Start of Material supplied

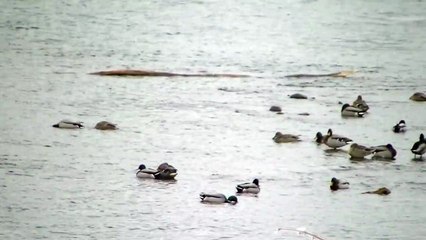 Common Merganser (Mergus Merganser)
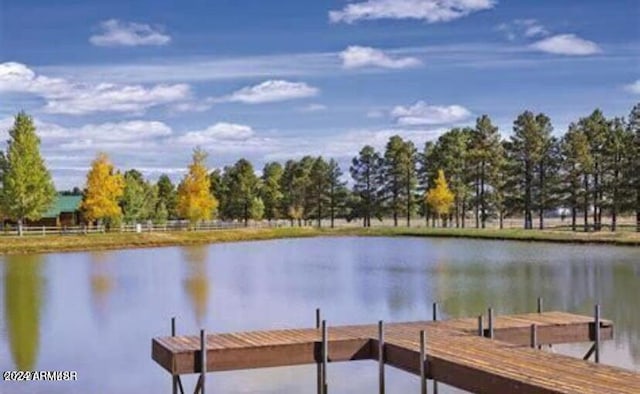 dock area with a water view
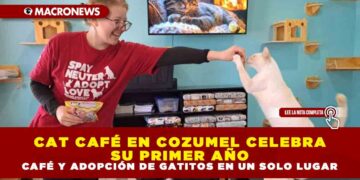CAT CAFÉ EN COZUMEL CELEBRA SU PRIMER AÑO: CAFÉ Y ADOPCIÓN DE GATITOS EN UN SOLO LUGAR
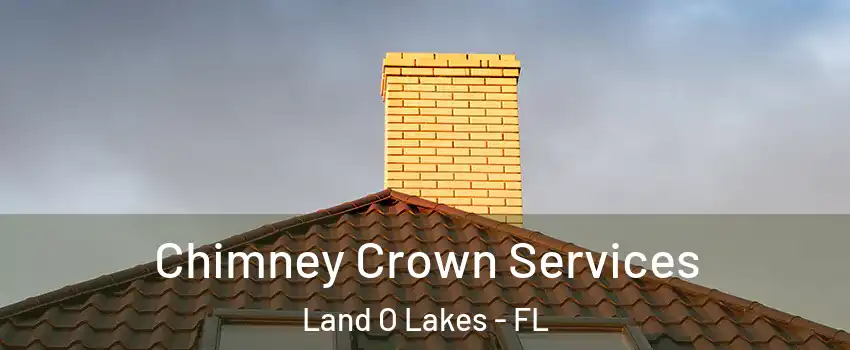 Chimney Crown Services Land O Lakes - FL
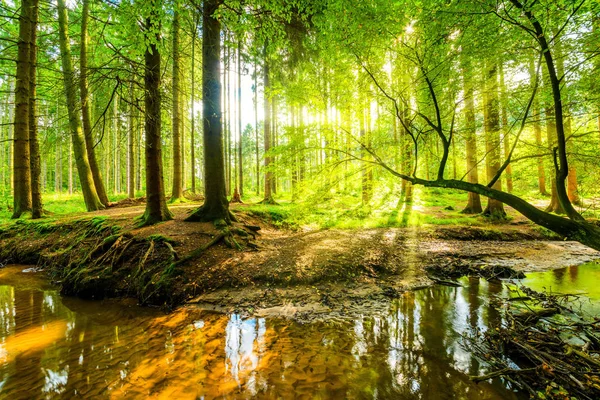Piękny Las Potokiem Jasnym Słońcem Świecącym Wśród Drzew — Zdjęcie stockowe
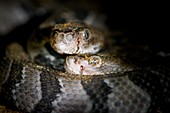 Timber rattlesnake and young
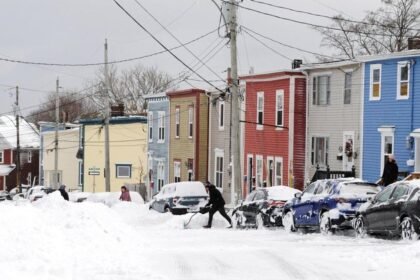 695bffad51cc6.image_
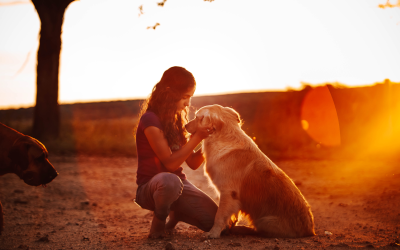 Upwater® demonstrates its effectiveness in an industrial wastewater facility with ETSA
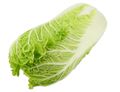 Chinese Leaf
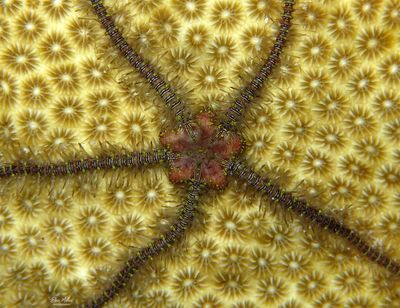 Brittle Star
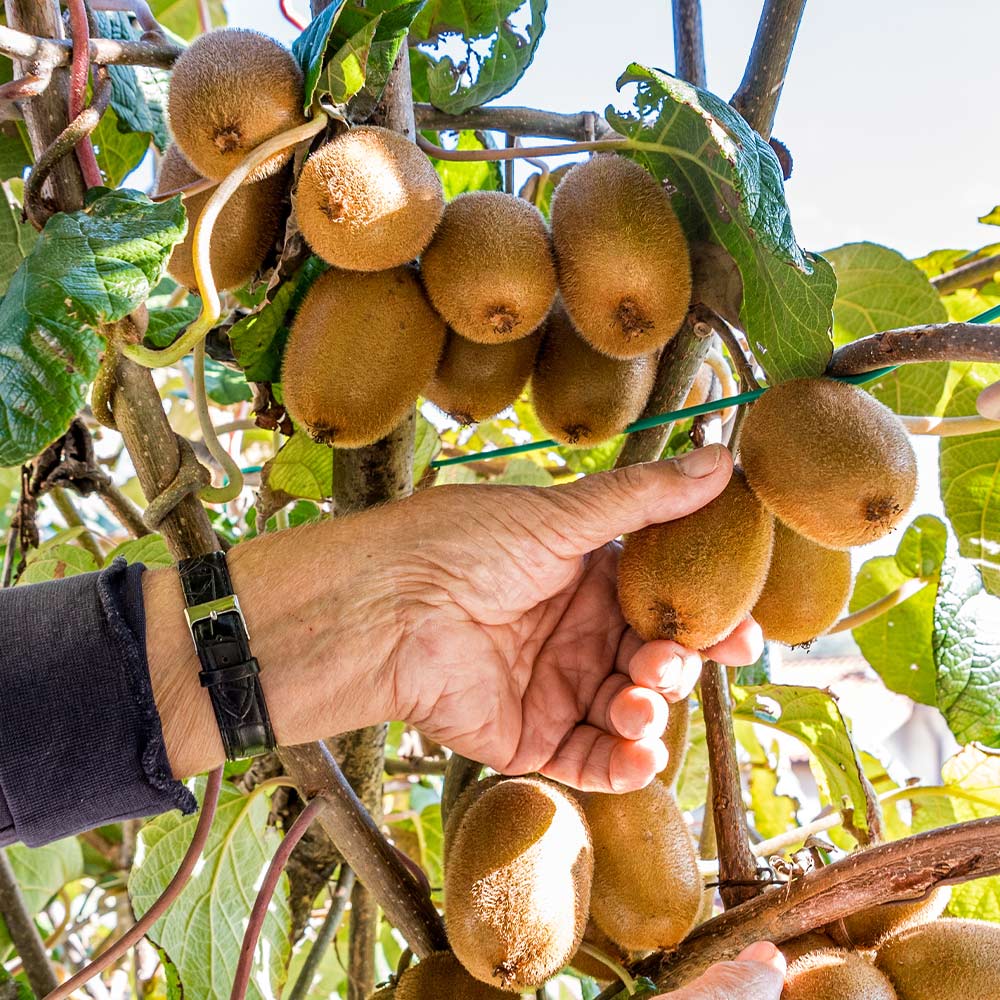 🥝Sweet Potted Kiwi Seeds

End of Material supplied

§ **Exercise directions**
Reproduce, without alteration and without pictures, only those lines that lie between the first line of the entries above and the line containing "Brittle Star", both of them included.

§ **Output below**
 Common Merganser (Mergus Merganser)
 dock area with a water view
CAT CAFÉ EN COZUMEL CELEBRA SU PRIMER AÑO: CAFÉ Y ADOPCIÓN DE GATITOS EN UN SOLO LUGAR
 Chimney Crown Services Land O Lakes - FL
Piękny Las Potokiem Jasnym Słońcem Świecącym Wśród Drzew — Zdjęcie stockowe
 Timber rattlesnake and young
 695bffad51cc6.image_
 Upwater® demonstrates its effectiveness in an industrial wastewater facility with ETSA
 Chinese Leaf
 Brittle Star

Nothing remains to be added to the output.